▸ **REQUIRED WORK**: Locate, in the data below, the line that contains "Foto 5 de Piso" and the line that contains "Opel Grandland (2022) thumbnail 2"; reproduce exactly those two lines and every line between them, nothing more.

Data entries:
################

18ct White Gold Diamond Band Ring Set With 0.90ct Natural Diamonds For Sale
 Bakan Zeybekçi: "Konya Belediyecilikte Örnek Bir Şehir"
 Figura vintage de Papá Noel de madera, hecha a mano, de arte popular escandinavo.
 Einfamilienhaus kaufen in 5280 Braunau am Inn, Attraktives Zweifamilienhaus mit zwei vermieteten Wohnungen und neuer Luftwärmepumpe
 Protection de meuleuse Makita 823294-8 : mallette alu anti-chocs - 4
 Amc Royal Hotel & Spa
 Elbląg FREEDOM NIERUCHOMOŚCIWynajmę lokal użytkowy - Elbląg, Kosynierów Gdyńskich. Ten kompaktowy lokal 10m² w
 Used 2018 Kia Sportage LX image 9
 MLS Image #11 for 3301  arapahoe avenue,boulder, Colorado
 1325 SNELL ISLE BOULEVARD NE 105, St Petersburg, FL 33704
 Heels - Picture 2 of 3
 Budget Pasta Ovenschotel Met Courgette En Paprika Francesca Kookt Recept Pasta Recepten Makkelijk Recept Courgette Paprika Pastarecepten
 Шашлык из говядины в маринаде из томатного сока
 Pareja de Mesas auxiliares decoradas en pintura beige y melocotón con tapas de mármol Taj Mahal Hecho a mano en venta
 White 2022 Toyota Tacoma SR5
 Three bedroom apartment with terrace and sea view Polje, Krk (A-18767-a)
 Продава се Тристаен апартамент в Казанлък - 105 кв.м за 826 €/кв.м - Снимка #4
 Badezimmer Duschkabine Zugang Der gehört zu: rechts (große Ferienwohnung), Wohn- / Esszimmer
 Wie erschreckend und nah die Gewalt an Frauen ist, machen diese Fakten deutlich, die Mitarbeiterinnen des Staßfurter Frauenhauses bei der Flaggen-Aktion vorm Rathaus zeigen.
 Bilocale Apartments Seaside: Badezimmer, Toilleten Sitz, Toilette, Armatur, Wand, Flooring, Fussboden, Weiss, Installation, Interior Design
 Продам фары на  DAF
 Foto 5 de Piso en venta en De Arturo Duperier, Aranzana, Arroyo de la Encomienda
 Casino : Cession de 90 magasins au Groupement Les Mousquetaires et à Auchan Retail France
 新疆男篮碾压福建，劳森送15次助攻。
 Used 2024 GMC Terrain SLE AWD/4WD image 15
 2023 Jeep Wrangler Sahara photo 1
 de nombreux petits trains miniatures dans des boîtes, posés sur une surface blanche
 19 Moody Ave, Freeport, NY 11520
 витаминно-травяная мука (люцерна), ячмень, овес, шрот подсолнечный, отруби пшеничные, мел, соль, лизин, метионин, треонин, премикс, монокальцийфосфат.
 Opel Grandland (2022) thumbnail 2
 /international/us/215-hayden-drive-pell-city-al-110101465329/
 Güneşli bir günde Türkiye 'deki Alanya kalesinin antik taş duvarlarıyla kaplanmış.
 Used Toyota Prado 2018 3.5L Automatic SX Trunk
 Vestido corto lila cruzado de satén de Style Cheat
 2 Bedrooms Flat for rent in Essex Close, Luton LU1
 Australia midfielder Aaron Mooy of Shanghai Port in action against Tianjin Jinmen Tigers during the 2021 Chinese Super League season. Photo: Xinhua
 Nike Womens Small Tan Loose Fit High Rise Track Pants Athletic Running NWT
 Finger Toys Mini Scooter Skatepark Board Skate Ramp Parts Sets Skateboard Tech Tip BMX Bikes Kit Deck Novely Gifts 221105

################

▸ **REPLY**:
 Foto 5 de Piso en venta en De Arturo Duperier, Aranzana, Arroyo de la Encomienda
 Casino : Cession de 90 magasins au Groupement Les Mousquetaires et à Auchan Retail France
 新疆男篮碾压福建，劳森送15次助攻。
 Used 2024 GMC Terrain SLE AWD/4WD image 15
 2023 Jeep Wrangler Sahara photo 1
 de nombreux petits trains miniatures dans des boîtes, posés sur une surface blanche
 19 Moody Ave, Freeport, NY 11520
 витаминно-травяная мука (люцерна), ячмень, овес, шрот подсолнечный, отруби пшеничные, мел, соль, лизин, метионин, треонин, премикс, монокальцийфосфат.
 Opel Grandland (2022) thumbnail 2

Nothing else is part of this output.